O dinheiro da aposentadoria continua entrando nos mercadosmatic
Nos Estados Unidos, os poupadores há muito tempo destinam parte de seus salários a planos de aposentadoria. O que mudou foi o destino desse dinheiro. Por padrão, mais recursos agora fluem para estratégias passivas por meio de fundos de data-alvo, carteiras modelo e robôs-consultores que rebalanceiam seus investimentos periodicamente. Muitos no setor chamam isso de efeito "piloto automático"; outros descrevem como "demanda inelástica", ou seja, cash que segue o calendário em vez das notícias do dia.
“Inventamos a máquina perpétua”, disse Vincent Deluard, estrategista macro global da StoneX Financial. “Investimos cerca de 1% do PIB mensalmente em fundos de índice, independentemente das avaliações, do sentimento do mercado ou do cenário macroeconômico.”

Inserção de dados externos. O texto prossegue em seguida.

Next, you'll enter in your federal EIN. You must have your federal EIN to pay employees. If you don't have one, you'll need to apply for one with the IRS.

Isso não torna a política irrelevante. As taxas de referência ainda influenciam a precificação de títulos, a avaliação de ações e a alavancagem. Mas a ideia do Fed como único gestor de risco já não abrange o quadro completo. Fluxos persistentes podem sustentar o otimismo mesmo quando os dados econômicos se mostram mais frios.

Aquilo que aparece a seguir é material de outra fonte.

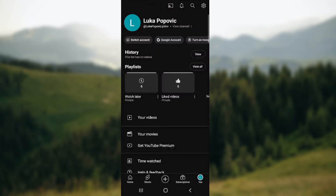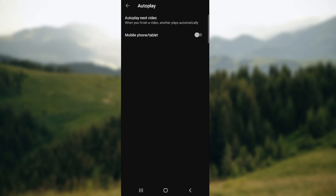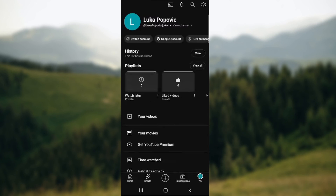To turn auto scroll on, click on your name in the bottom right corner of the screen, then go to the upper right corner for Settings. Select Auto Play and turn on mobile phone / tablet. That's it — you've turned on auto scroll for your YouTube Shorts videos.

Essa divisão agora está clara. Com a piora dos indicadores de emprego, os investidores estão prevendo três cortes de pessoal este ano, sendo praticamente certo que haverá uma queda de 0,25 ponto percentual na próxima semana. Mesmo assim, o S&P 500 fechou próximo a níveis recordes na sexta-feira, com alta de 1,6% na semana.
ETFs alteram a resposta do mercado a surpresas do Fed
Outra mudança é a forma como as pessoas usam os ETFs . Muitos os tratam quase como cash , fáceis de negociar mesmo quando alguns fundos usam alavancagem ou detêm ativos menos líquidos.
Segundo a ICI, os americanos possuíam mais de US$ 12 trilhões em planos de contribuição defino final do primeiro trimestre, incluindo US$ 8,7 trilhões em planos 401(k).
Os fundos de data-alvo representam uma parcela crescente dos saldos dos planos 401(k). Ao mesmo tempo, os veículos passivos, ETFs e fundos mútuos de índice ultrapassaram os fundos ativos tradicionais e constituem a maioria dos ativos de longo prazo nos EUA. O resultado é um fluxo constante de poupança que chega aos mercados pontualmente, independentemente das notícias.
Pesquisadores também estão documentando como os ETFs moldam a trajetória das surpresas políticas. Um estudo recente descobriu que produtos de índice amplo tendem a impulsionar altas quando o Fed corta as taxas inesperadamente e a amortecer quedas quando os aumentos pegam os investidores de surpresa. A razão é mecânica, já que a criação e o resgate movimentam cestas inteiras de uma só vez, aumentando a demanda na entrada e aliviando a pressão na saída. Com os ETFs agora no centro da infraestrutura do mercado, eles podem mudar a forma como as políticas ripple pelos preços.